* WHAT TO DO
Every picture is to be removed, and all the data is to be copied exactly.

* DATASET RECORDS
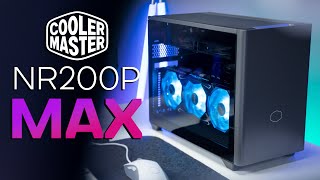 Cooler Master Masterbox NR200P MAX im Test  das aktuell beste MiniITX Gehäuse [upl. by Jaehne]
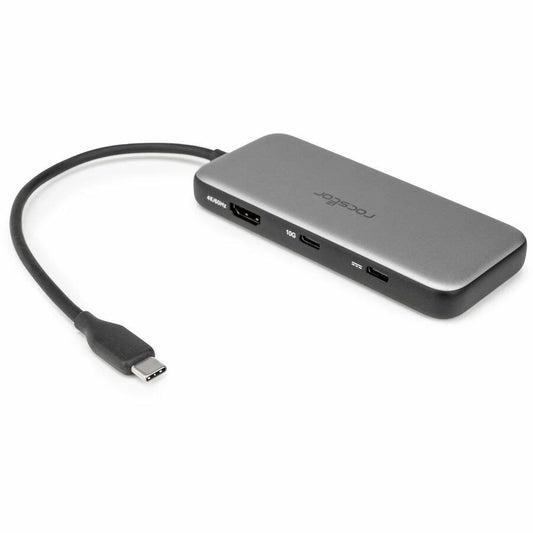 Y10A320S1 - Rocstor Premium USB-C 7-in-1 Multiport Adapter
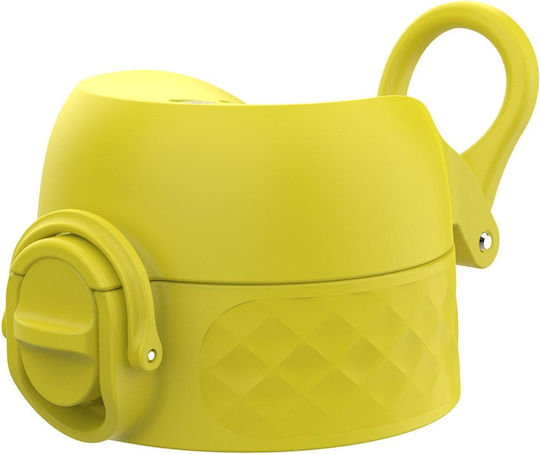 Ion8 Ersatzdeckel Für Onetouch 2.0 Wasserflasche BPA-frei Kleiner 350ml 500ml Gelbe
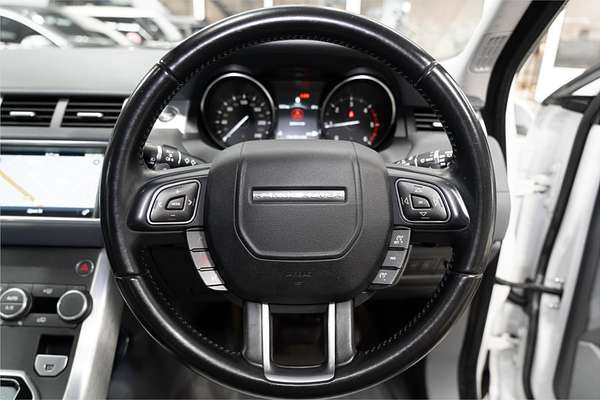2016 Land Rover Range Rover Evoque TD4 180 SE L538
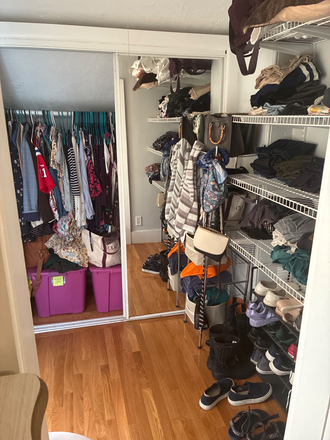 Large closet in a closet - Awesome 2 bedroom available mid-July. Need rented asap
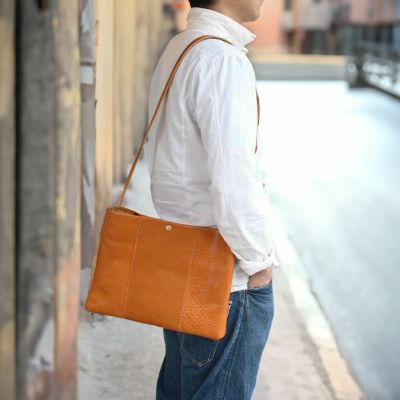 ショルダーバッグ｜革鞄・革小物のPORCO ROSSO（ポルコロッソ）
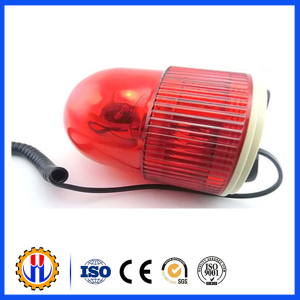 High Brightness LED Solar Warning Beacon Light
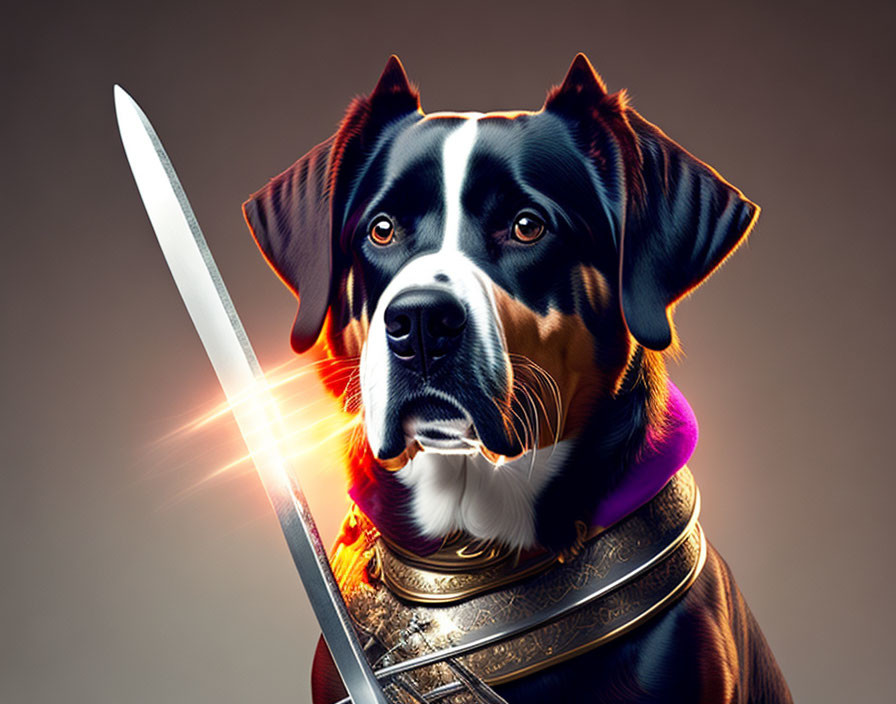 the goodboy with a sword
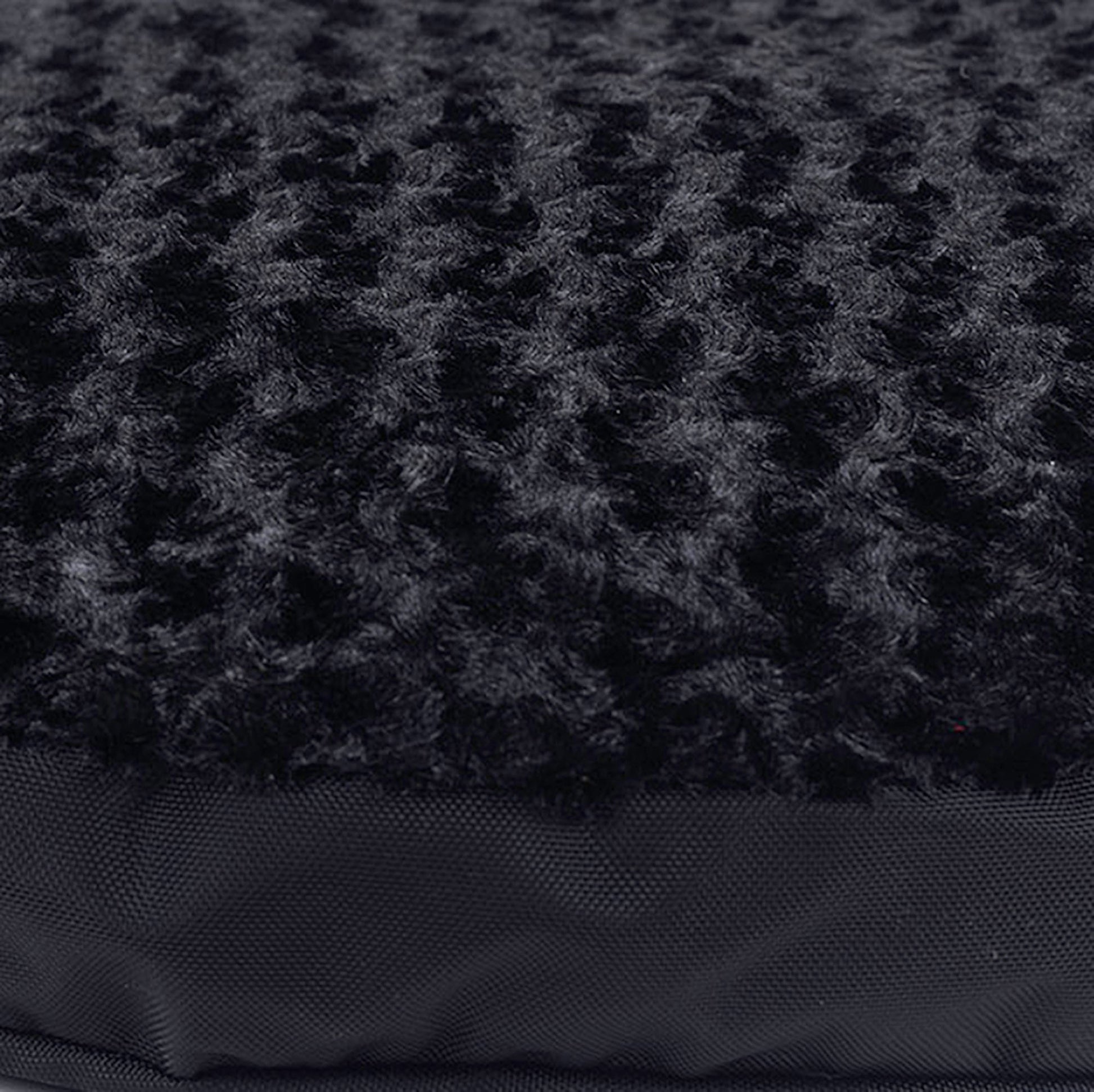 Black American Dog Rectangle Furvana Dog Bed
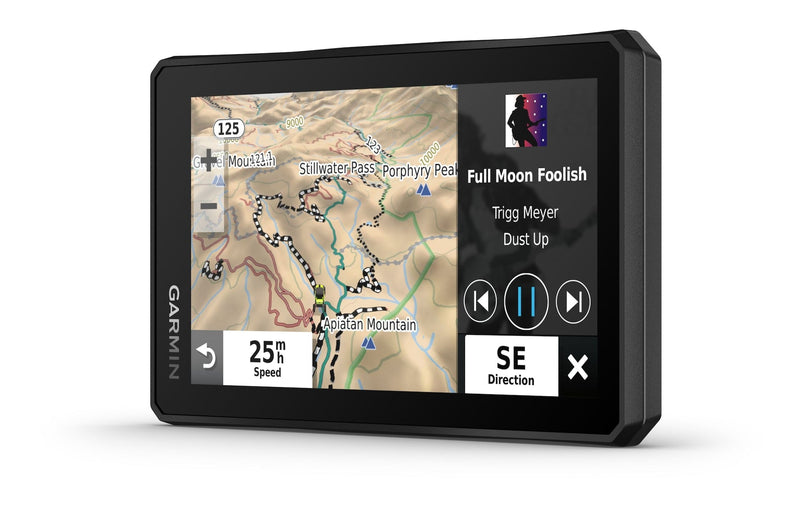 Garmin Tread Powersport GPS Navigator, Base Edition, 5.5-in, Black N0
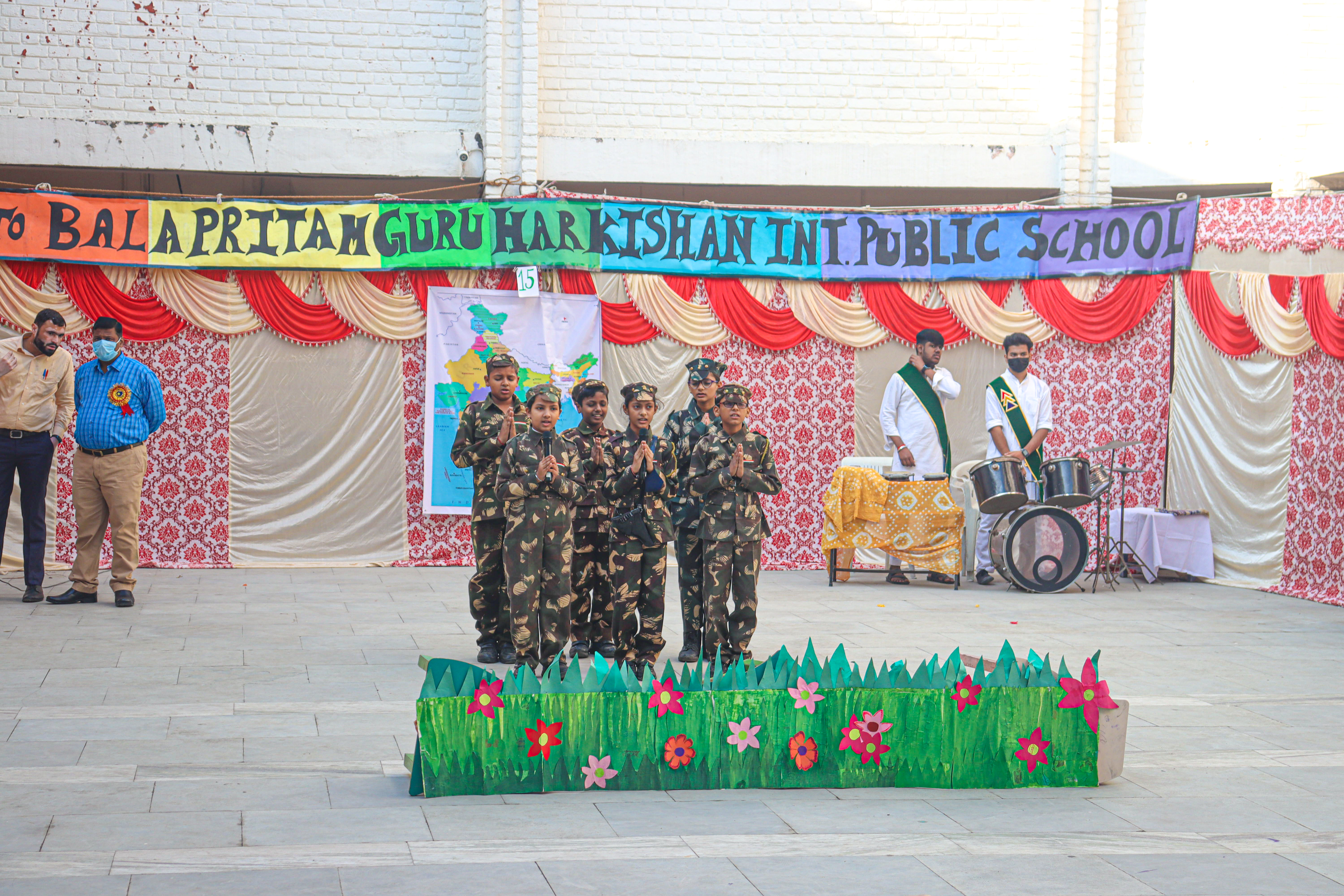 Bala Pritam Guru Harkishan International Public School campus 2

* OUTPUT
 Cooler Master Masterbox NR200P MAX im Test  das aktuell beste MiniITX Gehäuse [upl. by Jaehne]
 Y10A320S1 - Rocstor Premium USB-C 7-in-1 Multiport Adapter
 Ion8 Ersatzdeckel Für Onetouch 2.0 Wasserflasche BPA-frei Kleiner 350ml 500ml Gelbe
2016 Land Rover Range Rover Evoque TD4 180 SE L538
 Large closet in a closet - Awesome 2 bedroom available mid-July. Need rented asap
 ショルダーバッグ｜革鞄・革小物のPORCO ROSSO（ポルコロッソ）
 High Brightness LED Solar Warning Beacon Light
 the goodboy with a sword
 Black American Dog Rectangle Furvana Dog Bed
 Garmin Tread Powersport GPS Navigator, Base Edition, 5.5-in, Black N0
 Bala Pritam Guru Harkishan International Public School campus 2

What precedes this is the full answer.